Semarang Poncol juga jadi stasiun yang menyisakan kenang melepaskan tak terlupakan bagiku. Sebegitunya karena sebelumnya aku cuma meninggalkan kenangan yang begitu di atas motor. Sebab jarak Jogja-Temanggung-Semarang-Wonosobo-Pekalongan baru kali itu kutempuh dengan kereta. 
Tidak lupa pula aku pernah ketiduran di stasiun Solo Purwosari. Stasiun pertama yang mengenalkan relasi pendek kereta lokal Jogja - Solo, naik kereta Prameks (Prambanan Ekspres). Stasiun pertama yang jadi saksi aku kenal Memet (wakwakwak) dan keluguannya. Di stasiun itu, aku juga pernah melakukan perjalanan tercepatku, hanya untuk mengambil ponsel di Omku dan makan sup matahari dengan balik ke Jogja membawa selat solo yang terkenal itu. Stasiun Purwosari juga jadi tempatku dan Andhika, sahabat kecilku yang tak pernah kutahu tumbuh dewasanya, pada akhirnya bisa bertemu 2 tahun silam. 
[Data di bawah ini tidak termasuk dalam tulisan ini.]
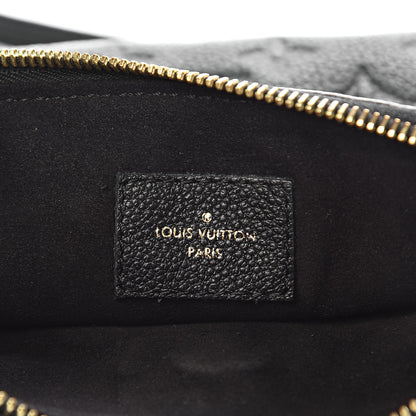 Louis Vuitton Empreinte Twice Black 6 of 12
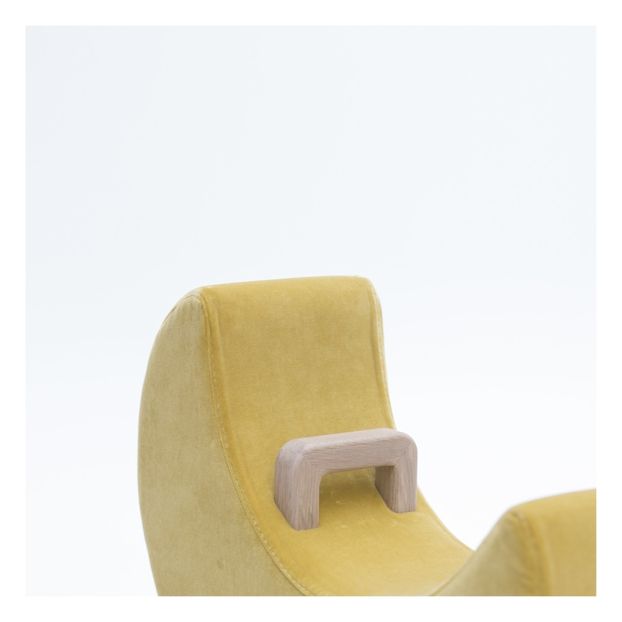 Exclusive Maison Deux X Smallable Rocking Moon -product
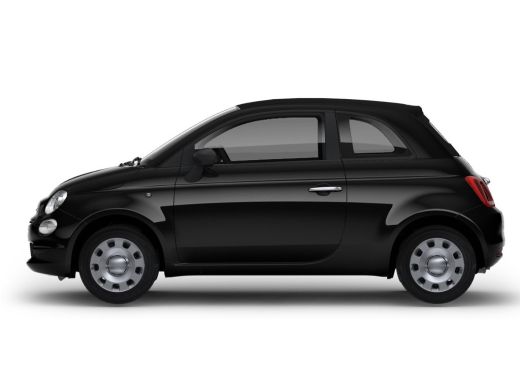 Fiat 500C 1.0 Urban Hybrid ActivLease financial lease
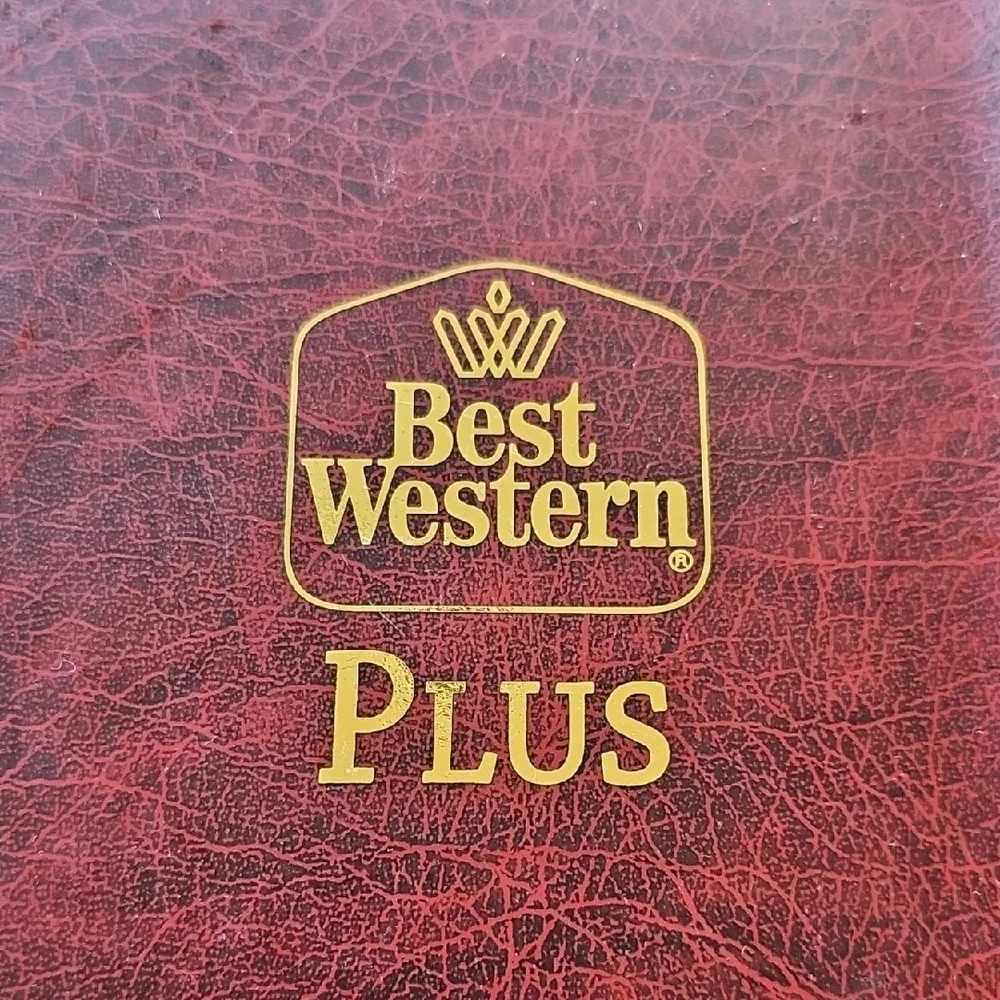 Best Western Plus check code hard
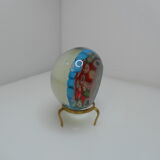 Murano Millefiori 1950 vintage press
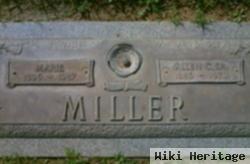 Allen C. Miller, Sr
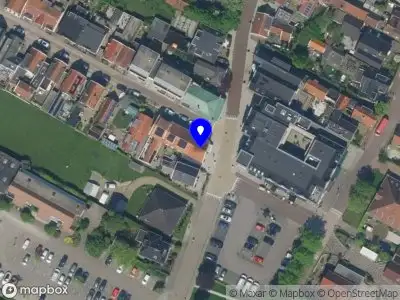 Nieuw bedrijf Stomerij en Kledingreparatie Uitgeest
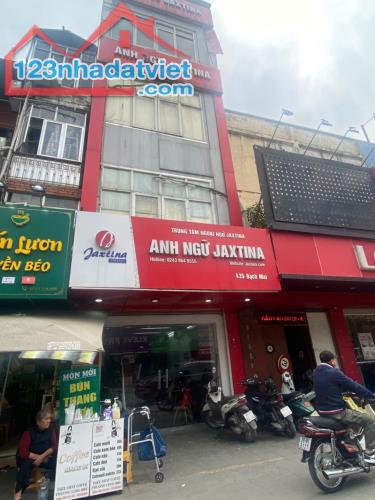 Cần Cho Thuê Nhà Mặt Phố Nguyên Căn - Hai Bà Trưng 63m² -  nhà siêu đẹp.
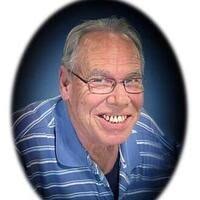 Richard Barger Obituary (1955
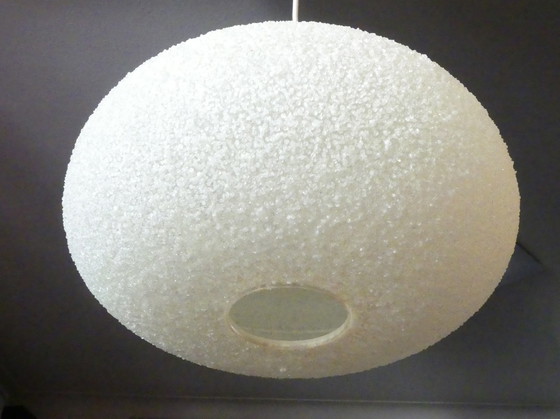 Image 1 of Rotaflex Deckenlampe by John & Sylvia Reid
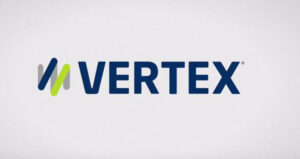 Vertex logo feature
Berkunjung benar-benar punya makna magis. Entah buat melepaskan, bertahan, memperkeruh, atau hanya menjalani keadaan. 

Stasiun yang juga pernah membuat momen bahagia terjadi selama ku jalani adalah Lempuyangan, saat itu perjalanan pertama Kadija(Kangen di Jalan) ke Kuningan turun Stasiun Cirebon Prujakan. Kita berangkat untuk menjenguk, untuk menghibur, dan beruntungnya ia yang kami jenguk kembali sehat dan bisa berkumpul lagi dengan Kadija. Itu momen bahagia karena Kadija bisa hahahihi dalam satu gerbong yang sama meski ada kejadian stnk motor dan botol minum (tupperwareku 😭) jatuh di jalan menuju ke stasiun dan ada salah satu anggota yang hampir ketinggalan kereta karena itu. Cemas sih di stasiun, tapi di kereta syukurlah bisa tenang. 
Selain Lempuyangan, stasiun Kota Probolinggo juga jadi tempat yang menyenangkan karena ia adalah tempat yang memberiku ketenangan sebelum bertolak ke Jogja atau kembali buat pulang. Stasiun Probolinggo tidak seperti stasiun kebanyakan yang ramai hiruk-pikuk. Seperti kotanya yang tidak terlalu ramai dan tenang, stasiunnya pun demikian. 

Campur Aduk di Kereta
Coba tebak apa yang campur aduk? Kalian sudah tahu kan.... Tentu saja suasananya. Tapi kalau kereta menurutku suasananya tercipta tergantung dengan kelas yang kita naiki saat itu. Wah bisa begitu ya?. Iya, bagiku begitu. 
Kalau memililih kelas ekonomi yang berhadapan, kita dihadapkan pula pada situasi yang harus serba menerima dan memahami liyan. Makanya kelas ekonomi ini sering kali jadi kereta jujugan kaum muda dan gerombolannya yang suka jalan-jalan karena murah, memang berhadapan sehingga memudahkan komunikasi, dan berisikpun ditolerir (kalau memang gak ada penumpang lain yang rese' bilang ke masinis  atau kru yang bertugas). 
Meskipun berisiko berisik dan mungkin posisi duduk yang tidak nyaman, di kelas ekonomi aku merasa senang karena bisa berinteraksi dengan orang lain. Melihat anak kecil yang main dengan orang tuanya, memerhatikan nasihat ibu pada anaknya, mendengar kelakar para orang tua yang baru saja berkenalan karena duduk berhadapan, hingga menikmati tawa renyah anak-anak muda yang bahagia mengenang masa-masa indah mereka. Ups! Tidak lupa suara tangis bayi yang mungkin belum bisa menyesuaikan diri di atas kereta api. 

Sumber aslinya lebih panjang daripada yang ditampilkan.